Joseph is a just man who is also, in the deepest sense, a man of faith. Faith is belief in the ground of God’s love and fidelity at the moment when we seem to have lost our ground, when our stock of knowledge and all of life’s conventional wisdom are not enough. Would it have been possible for Joseph not to hear God’s Messenger? If we judge by our own experience, we would have to say “yes.” It is very difficult in life not to “under-interpret.” It is faith, in its deepest sense, that trusts the capacity of those moments in life which challenge every sense we have of rightness and fairness to teach and form us in new and unknown ways. Even as we act based on our best lights and understandings, faith calls us to live in the humility of our limited interpretations and to stand ready to respond to the unexpected and mysterious as they arise.
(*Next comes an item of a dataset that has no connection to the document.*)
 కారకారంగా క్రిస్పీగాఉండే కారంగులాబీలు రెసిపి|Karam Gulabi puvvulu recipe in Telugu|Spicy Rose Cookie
The mystic experiences step after step the lack of meaning to the different levels of reality which (s)he enters, works through, and leaves. As long as (s)he walks ahead on this road the anxieties of guilt and condemnation are also conquered. They are not absent. Guilt can be acquired on every level, partly through a failure to fulfill its intrinsic demands, partly through a failure to proceed beyond the level. But as long as the certainty of final fulfillment is given, the anxiety of guilt does not become anxiety of condemnation. . . .

The mystical courage to be lasts as long as the mystical situation. Its limit is the state of emptiness of being and meaning, with its horror and despair, which the mystics have described. In these moments the courage to be is reduced to the acceptance of even this state as a way to prepare through the darkness for light, through emptiness for abundance. As long as the absence of the power of being is felt as despair, it is the power of being which makes itself felt through despair. To experience this and to endure it is the courage to be of the mystic in the state of emptiness. Although mysticism in its extreme positive and extreme negative aspects is a comparatively rare event, the basic attitude, the striving for union with ultimate reality, and the corresponding courage to take the nonbeing which is implied in finitude upon oneself are a way of life which is accepted by and has shaped large sections of humankind. 

Paul Tillich, The Courage to Be, p. 159

In his dreaming, Joseph over rather than underinterpets (cf. Adam Phillips) the meanings of Mary’s pregnancy.